Lithium ion battery

A lithium-ion battery or Li-ion battery (abbreviated as LIB) is a type of rechargeable battery, first proposed by chemist M Stanley Whittingham at Exxon in the 1970s. Today lithium-ion batteries are commonly used for portable electronics and electric vehicles and are growing in popularity for military and aerospace applications.


  1. High specific energy and high load capabilities with Power Cells.
  2. Long cycle and extend shelf-life, maintenance-free.
  3. High capacity, low internal resistance, good coulombic efficiency.
  4. Simple charge algorithm and reasonably short charge times.
  5. Low self-discharge (less than half that of NiCd and NiMH).


  1. Requires protection circuit to prevent thermal runaway if stressed.
  2. Degrades at high temperature and when stored at high voltage.
  3. No rapid charge possible at freezing temperatures (<0°C, <32°F).
  4. Transportation regulations required when shipping in larger quantities.

One of the most successful Li-ion systems is a cathode combination of nickel-manganese-cobalt (NMC). Also known as lithium-manganese-cobalt-oxide batteries, or NMC, lithium nickel manganese cobalt oxide batteries are made of several materials common in other lithium iron batteries. These involve a cathode combination of nickel, manganese and cobalt NMC in the same cell optimized for specific power has a capacity of only about 2,000mWh but delivers a continuous discharge current of 20A.
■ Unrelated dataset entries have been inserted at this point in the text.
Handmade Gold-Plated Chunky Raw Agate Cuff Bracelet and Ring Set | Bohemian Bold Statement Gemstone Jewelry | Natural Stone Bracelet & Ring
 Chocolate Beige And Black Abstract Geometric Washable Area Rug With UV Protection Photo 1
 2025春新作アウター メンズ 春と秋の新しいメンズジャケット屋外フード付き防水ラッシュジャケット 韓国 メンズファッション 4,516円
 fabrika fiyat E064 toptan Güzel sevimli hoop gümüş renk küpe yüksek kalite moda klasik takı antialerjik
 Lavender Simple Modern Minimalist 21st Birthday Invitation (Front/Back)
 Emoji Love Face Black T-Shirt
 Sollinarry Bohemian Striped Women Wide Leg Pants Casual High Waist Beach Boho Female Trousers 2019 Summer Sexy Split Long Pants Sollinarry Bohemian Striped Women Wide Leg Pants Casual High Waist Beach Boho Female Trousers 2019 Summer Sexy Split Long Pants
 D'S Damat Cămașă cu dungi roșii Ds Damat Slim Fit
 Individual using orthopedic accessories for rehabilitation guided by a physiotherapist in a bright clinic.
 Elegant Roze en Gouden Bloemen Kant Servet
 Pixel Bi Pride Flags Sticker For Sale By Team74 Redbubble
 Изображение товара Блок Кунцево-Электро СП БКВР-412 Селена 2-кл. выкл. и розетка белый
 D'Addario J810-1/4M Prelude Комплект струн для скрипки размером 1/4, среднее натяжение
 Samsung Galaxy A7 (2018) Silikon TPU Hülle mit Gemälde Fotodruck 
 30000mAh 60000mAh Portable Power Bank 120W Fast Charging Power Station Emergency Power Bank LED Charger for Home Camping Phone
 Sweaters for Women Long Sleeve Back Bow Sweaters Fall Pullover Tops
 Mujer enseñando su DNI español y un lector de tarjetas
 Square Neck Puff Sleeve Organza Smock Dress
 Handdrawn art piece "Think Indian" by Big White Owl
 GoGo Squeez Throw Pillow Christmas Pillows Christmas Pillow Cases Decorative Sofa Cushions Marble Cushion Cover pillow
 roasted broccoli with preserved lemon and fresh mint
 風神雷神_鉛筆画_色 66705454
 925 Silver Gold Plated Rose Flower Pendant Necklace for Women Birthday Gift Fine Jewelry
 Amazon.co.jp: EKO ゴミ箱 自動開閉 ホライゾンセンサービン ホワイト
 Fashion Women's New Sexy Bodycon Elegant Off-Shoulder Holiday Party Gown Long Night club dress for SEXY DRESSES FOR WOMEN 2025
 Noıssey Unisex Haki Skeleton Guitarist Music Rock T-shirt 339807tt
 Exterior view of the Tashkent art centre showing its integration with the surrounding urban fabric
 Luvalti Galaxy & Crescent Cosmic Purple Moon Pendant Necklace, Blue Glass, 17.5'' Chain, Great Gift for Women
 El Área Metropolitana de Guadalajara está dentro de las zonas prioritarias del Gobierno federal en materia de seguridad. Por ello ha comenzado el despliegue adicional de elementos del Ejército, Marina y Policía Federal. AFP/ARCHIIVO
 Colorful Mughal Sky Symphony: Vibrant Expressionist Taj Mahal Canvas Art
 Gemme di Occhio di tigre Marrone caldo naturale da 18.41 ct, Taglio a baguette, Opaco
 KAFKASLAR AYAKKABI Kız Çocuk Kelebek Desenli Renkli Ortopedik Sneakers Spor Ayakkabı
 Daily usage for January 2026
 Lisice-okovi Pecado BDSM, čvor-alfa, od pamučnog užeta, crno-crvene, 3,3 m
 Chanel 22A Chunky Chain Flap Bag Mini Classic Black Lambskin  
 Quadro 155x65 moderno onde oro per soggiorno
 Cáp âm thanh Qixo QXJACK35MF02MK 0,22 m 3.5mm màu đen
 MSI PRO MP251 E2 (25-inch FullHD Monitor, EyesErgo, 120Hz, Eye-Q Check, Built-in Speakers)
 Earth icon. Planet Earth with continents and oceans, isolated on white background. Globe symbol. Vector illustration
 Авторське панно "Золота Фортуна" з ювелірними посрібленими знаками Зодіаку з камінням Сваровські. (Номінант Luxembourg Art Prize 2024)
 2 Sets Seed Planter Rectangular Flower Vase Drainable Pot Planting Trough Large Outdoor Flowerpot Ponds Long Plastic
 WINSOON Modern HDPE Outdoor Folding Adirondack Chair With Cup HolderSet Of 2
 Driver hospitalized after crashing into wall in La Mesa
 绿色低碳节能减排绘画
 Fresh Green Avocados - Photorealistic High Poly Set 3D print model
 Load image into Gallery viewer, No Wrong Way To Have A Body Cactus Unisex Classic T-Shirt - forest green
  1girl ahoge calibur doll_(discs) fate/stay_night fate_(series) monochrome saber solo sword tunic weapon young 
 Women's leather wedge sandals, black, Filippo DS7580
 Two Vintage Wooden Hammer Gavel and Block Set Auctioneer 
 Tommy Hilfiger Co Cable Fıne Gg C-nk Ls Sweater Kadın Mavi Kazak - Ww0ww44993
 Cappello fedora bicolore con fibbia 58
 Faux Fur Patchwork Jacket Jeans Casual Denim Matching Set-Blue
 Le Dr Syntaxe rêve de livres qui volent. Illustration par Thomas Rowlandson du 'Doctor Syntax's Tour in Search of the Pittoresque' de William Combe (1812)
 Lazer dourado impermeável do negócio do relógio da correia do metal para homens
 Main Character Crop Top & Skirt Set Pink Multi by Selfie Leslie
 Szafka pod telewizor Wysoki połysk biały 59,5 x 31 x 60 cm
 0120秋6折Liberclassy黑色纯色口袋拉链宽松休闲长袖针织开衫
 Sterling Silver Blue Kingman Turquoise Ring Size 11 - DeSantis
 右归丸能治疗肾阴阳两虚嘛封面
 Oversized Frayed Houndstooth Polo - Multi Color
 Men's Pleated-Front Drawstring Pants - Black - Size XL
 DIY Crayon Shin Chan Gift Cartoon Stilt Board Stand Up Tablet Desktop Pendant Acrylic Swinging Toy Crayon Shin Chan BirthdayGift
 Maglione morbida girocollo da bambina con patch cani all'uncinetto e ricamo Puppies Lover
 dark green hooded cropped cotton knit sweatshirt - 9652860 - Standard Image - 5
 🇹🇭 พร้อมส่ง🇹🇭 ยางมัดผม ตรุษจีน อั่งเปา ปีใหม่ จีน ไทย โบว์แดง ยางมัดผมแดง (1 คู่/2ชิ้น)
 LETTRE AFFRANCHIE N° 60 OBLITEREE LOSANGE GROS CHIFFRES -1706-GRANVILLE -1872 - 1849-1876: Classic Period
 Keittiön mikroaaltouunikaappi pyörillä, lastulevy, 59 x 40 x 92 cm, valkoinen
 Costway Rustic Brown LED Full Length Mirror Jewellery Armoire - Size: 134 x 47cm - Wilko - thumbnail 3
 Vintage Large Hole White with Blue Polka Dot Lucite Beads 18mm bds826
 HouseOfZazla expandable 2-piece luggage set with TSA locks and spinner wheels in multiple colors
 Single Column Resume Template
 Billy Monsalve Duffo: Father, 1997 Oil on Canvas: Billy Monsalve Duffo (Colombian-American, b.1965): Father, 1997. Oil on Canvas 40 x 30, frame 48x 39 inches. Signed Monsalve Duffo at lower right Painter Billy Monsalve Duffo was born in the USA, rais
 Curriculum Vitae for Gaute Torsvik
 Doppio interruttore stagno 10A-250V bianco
Lithium Nickel Manganese Cobalt Oxide (NMC)

Like other varieties of lithium-ion batteries, NMC batteries can have either a high specific energy or high specific power. They cannot, however, have both properties. This battery is most common in power tools and in powertrains for vehicles.

The cathode combination ratio is usually one-third nickel, one-third manganese and one-third cobalt, meaning that the raw material cost is lower than for other options, as cobalt on its own can be quite expensive. According to Battery university, this battery is also commonly preferred for electric vehicles due to its very low self-heating rate.